I was putting myself in a coma. They didn’t know it yet, but my liver was shutting down. Apparently, they didn’t want me to go into a coma-so they kept trying to keep me awake. It didn’t work. I REALLY wish that I could tell you that when I was in a coma I went to heaven and God said something like “It’s not your time yet, I’m sending you back.” It would have been awesome to have a sneak peek into eternity. I didn’t. I actually don’t remember a thing.
There are so many stories that I have heard over the years about what happened during those 4 days (stayed tuned for the next blog post). But I know this, there was A LOT OF PRAYER!
So I didn’t have hepatitis A after all, I had acute liver failure. The reason that I went into a coma is that my liver stopped working: completely, totally, fully. And just so you know, it’s an important organ. You can’t live very long without your liver. In fact, maybe a few days. I had a few days, we were cutting it close.
Because I was in hours of death, my name went to the top of the list for transplants in the upper Midwest. BUT…thousands of people die each day waiting for organs. So people came. People came to pray. People came to cry. People came and brought food. More food. More tears. More prayer. People came to say goodbye.

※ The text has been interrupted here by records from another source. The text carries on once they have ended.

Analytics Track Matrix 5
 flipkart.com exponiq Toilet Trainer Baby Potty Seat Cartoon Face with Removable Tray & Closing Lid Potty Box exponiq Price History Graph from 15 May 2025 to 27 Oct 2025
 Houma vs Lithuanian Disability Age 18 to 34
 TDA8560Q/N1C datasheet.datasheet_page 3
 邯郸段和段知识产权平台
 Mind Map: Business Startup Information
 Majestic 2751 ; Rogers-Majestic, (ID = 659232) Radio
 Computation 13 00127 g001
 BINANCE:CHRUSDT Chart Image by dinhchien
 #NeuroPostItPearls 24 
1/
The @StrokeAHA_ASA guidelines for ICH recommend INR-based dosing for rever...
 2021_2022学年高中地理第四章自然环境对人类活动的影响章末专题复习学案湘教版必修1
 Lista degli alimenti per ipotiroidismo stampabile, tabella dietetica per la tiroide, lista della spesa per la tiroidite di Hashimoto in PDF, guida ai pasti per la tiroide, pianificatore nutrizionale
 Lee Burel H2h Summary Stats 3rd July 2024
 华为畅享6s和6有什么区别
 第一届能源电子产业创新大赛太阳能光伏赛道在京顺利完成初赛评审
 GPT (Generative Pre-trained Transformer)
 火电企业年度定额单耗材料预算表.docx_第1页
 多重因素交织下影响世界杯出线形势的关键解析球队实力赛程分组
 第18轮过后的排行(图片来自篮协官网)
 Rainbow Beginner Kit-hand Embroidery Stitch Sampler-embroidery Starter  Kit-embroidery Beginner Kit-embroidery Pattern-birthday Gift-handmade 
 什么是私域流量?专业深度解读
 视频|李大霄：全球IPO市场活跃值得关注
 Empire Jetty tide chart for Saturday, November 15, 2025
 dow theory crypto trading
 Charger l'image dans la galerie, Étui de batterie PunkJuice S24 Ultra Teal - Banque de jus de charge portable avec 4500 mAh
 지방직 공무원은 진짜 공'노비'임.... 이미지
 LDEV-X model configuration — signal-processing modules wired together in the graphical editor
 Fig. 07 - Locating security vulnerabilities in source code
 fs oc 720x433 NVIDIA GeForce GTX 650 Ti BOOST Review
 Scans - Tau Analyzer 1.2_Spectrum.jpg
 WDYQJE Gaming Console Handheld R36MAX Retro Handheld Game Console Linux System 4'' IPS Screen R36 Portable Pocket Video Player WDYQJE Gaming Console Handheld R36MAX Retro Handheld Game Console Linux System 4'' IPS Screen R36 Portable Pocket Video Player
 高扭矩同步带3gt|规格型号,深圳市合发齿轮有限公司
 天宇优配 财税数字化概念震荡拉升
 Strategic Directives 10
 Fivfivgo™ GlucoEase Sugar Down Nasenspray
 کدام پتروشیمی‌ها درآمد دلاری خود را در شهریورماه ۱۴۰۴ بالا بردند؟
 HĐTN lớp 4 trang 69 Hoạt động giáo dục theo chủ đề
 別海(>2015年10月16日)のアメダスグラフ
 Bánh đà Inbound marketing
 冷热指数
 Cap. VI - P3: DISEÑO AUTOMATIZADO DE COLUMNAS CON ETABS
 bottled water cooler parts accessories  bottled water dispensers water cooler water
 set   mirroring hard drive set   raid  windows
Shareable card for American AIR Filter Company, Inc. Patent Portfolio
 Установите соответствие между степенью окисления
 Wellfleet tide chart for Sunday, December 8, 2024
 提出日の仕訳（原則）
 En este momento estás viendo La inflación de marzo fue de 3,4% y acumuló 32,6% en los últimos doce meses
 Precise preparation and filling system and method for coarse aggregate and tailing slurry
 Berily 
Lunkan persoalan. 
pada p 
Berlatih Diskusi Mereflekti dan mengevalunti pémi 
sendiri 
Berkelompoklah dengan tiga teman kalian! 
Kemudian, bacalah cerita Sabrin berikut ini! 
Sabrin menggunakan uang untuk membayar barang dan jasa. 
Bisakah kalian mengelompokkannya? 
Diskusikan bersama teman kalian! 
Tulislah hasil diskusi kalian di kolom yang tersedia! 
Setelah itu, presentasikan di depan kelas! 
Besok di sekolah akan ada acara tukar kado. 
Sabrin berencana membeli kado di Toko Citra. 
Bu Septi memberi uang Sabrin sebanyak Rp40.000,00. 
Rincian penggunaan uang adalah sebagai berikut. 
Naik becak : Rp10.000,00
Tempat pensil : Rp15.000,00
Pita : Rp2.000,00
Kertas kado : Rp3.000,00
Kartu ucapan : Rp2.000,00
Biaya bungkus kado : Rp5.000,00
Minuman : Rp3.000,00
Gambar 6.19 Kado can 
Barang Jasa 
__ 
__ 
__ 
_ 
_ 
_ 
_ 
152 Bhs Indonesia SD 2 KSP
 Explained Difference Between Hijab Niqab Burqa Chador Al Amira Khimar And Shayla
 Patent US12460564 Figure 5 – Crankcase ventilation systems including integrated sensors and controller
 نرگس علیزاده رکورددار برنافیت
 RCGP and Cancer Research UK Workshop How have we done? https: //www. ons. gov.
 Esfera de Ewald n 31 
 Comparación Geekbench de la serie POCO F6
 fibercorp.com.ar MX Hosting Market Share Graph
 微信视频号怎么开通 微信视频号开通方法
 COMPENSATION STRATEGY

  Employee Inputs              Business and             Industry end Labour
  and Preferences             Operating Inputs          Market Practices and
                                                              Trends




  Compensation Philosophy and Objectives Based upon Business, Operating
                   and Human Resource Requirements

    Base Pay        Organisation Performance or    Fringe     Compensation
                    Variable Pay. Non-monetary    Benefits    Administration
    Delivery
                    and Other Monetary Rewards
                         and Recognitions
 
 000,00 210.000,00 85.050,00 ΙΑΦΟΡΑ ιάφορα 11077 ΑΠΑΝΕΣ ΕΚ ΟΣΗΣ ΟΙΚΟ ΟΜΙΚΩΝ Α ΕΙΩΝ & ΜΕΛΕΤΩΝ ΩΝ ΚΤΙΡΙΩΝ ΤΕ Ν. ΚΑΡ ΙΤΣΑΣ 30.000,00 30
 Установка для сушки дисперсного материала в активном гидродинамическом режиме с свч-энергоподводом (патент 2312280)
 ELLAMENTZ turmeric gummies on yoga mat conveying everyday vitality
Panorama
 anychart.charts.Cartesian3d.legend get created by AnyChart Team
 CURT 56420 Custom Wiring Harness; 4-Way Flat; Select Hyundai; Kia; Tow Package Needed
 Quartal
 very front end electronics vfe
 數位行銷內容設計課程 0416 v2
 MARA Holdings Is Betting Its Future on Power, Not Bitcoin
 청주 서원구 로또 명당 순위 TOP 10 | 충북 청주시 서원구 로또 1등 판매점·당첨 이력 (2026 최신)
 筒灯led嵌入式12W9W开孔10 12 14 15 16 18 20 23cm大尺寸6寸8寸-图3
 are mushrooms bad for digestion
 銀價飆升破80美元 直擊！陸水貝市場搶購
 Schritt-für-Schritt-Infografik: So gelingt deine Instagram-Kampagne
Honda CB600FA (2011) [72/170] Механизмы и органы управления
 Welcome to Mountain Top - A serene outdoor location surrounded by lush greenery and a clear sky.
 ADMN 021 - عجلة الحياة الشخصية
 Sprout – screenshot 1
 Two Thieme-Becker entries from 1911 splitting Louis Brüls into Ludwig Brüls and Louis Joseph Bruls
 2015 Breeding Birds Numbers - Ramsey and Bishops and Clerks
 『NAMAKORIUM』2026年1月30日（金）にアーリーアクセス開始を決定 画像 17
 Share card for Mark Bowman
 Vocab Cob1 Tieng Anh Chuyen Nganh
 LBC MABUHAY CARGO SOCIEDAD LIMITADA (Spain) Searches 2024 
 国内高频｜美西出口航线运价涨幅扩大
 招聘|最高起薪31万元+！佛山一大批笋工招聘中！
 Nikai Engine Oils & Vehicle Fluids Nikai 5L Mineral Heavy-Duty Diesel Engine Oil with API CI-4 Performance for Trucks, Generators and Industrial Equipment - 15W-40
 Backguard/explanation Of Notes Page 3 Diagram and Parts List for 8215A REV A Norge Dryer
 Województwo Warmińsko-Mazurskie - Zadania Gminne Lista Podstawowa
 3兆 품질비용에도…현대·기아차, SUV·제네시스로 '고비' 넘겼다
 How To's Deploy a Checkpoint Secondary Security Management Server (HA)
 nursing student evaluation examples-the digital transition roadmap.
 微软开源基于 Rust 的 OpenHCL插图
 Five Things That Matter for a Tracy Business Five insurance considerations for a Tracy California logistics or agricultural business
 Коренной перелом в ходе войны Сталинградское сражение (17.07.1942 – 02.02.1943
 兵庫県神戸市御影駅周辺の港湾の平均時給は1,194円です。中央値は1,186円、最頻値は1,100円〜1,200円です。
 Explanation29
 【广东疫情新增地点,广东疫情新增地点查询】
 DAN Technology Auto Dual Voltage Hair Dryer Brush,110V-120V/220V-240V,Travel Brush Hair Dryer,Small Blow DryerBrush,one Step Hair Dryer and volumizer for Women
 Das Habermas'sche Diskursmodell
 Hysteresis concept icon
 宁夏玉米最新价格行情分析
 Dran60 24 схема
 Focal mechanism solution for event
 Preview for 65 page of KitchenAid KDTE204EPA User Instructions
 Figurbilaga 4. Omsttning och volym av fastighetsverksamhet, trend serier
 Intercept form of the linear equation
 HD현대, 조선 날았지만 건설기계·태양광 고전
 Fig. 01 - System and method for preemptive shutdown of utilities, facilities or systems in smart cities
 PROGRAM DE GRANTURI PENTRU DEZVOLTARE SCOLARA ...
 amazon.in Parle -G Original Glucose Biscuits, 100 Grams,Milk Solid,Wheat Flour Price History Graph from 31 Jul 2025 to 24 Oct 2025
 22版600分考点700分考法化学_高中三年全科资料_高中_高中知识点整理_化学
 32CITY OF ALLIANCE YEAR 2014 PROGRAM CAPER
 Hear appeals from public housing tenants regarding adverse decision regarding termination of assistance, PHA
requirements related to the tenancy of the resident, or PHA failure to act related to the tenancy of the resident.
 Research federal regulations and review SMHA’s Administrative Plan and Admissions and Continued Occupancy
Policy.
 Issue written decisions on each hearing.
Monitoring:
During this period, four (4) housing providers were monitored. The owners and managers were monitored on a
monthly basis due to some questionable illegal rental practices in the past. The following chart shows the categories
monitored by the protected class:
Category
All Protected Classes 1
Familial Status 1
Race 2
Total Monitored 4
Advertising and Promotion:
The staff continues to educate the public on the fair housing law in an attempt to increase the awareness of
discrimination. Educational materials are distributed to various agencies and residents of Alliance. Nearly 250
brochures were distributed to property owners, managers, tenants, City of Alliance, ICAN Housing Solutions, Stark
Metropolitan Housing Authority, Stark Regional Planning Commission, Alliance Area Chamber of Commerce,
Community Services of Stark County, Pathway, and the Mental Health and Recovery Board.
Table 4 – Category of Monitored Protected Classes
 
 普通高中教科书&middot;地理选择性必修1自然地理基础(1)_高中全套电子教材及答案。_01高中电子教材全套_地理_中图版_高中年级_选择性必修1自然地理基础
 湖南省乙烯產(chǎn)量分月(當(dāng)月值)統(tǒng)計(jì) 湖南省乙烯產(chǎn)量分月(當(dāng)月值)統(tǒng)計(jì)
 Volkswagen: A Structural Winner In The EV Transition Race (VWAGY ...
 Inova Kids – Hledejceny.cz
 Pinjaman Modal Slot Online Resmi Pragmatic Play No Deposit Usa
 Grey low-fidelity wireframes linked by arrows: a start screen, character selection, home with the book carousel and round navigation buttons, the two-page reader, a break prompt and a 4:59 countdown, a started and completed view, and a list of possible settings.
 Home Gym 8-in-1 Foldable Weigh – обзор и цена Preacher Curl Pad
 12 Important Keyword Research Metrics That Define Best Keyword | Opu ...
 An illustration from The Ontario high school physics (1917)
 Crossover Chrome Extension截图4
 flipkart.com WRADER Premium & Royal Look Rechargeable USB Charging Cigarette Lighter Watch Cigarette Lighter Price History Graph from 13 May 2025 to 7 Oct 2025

Like a small child that wants to hear the same bedtime story over and over, I love to hear certain parts of my story. This is one of my favorites. My mom was in the room, rubbing my feet when the doctor came in. He started looking at my stomach and finally looked at my mom and said “I think we can shove it in there.” I can just imagine the look she gave him. “What? We will not be shoving anything in anywhere!”
Well they shoved it in. In the last hours of my life, a woman named Cheri died in a car accident. Her family courageously decided to donate her organs to save the lives of others.
(Cheri with her dogs.)
On August 13th, 2000 in the last hours of life I received a lifesaving liver transplant.